▶ PROBLEM STATEMENT
Each line below with the string "Instagram" should be copied.

▶ RECORD EXCERPTS
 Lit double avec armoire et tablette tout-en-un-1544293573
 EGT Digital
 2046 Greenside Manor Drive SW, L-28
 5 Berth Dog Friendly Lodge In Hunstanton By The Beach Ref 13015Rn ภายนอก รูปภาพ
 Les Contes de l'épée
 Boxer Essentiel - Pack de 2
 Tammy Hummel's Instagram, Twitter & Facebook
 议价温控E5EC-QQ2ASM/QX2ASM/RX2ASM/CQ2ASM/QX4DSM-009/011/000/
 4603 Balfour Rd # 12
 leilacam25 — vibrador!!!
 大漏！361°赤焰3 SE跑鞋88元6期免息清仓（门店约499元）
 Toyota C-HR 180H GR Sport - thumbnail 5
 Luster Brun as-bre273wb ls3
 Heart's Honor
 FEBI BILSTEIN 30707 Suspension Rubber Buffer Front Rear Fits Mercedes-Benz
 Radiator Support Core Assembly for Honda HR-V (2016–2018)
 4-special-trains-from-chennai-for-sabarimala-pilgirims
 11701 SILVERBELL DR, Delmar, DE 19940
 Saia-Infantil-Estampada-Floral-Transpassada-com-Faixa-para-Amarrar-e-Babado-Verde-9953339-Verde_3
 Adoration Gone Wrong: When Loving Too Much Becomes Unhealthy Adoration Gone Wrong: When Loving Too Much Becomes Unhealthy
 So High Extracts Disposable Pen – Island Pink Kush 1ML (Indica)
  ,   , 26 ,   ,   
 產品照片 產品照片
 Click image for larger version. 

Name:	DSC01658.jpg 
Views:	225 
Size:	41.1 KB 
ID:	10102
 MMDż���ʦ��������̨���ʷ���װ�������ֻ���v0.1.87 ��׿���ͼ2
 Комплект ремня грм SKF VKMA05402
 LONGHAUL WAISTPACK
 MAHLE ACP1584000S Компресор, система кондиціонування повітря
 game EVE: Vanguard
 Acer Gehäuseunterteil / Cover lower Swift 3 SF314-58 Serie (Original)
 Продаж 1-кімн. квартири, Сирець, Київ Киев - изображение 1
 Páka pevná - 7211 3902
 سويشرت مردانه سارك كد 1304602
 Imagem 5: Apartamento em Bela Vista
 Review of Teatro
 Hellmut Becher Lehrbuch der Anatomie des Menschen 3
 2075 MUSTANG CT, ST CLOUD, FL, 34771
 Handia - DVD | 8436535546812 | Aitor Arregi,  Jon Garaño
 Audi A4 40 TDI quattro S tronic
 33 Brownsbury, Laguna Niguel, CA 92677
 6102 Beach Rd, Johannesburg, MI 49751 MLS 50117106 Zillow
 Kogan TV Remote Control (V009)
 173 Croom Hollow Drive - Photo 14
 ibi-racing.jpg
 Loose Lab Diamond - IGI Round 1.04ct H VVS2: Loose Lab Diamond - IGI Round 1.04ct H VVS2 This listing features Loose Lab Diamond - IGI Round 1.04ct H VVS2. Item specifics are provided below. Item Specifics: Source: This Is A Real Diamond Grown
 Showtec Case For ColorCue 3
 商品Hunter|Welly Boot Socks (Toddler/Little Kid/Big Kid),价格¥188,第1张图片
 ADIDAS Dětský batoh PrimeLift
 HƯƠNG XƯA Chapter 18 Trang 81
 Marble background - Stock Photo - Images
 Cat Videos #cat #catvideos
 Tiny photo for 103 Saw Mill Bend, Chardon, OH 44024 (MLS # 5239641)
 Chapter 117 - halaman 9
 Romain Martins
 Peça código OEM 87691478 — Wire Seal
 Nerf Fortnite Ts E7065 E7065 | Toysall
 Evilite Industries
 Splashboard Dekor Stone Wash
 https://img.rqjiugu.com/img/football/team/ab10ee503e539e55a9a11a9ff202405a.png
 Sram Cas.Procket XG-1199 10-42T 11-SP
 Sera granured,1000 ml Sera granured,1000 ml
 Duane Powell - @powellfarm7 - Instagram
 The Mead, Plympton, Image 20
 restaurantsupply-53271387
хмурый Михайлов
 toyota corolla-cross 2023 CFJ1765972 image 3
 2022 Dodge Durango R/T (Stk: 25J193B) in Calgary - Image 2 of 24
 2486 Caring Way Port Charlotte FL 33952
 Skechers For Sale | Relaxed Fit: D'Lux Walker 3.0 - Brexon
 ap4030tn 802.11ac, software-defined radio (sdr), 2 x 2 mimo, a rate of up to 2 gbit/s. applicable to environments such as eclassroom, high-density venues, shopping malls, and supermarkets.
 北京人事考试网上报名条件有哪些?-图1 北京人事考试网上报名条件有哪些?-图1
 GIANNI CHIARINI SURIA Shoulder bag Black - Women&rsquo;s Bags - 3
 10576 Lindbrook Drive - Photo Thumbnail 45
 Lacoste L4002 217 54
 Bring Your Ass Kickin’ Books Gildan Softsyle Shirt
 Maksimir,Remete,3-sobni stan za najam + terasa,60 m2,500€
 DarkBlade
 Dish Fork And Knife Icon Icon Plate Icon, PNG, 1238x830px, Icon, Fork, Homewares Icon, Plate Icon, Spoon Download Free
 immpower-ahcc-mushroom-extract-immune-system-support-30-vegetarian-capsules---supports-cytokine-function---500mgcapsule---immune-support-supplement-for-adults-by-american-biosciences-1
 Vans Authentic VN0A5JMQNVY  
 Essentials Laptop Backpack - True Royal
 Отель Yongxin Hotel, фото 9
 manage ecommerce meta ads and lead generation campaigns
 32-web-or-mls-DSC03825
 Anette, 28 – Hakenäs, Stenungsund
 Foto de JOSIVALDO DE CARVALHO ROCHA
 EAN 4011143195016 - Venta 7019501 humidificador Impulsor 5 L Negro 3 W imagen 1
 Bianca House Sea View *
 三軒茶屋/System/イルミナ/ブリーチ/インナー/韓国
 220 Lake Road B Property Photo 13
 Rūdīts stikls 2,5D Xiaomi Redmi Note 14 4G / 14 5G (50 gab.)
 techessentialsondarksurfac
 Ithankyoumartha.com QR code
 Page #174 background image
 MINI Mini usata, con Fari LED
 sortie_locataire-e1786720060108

▶ SOLUTION
 Tammy Hummel's Instagram, Twitter & Facebook
 Duane Powell - @powellfarm7 - Instagram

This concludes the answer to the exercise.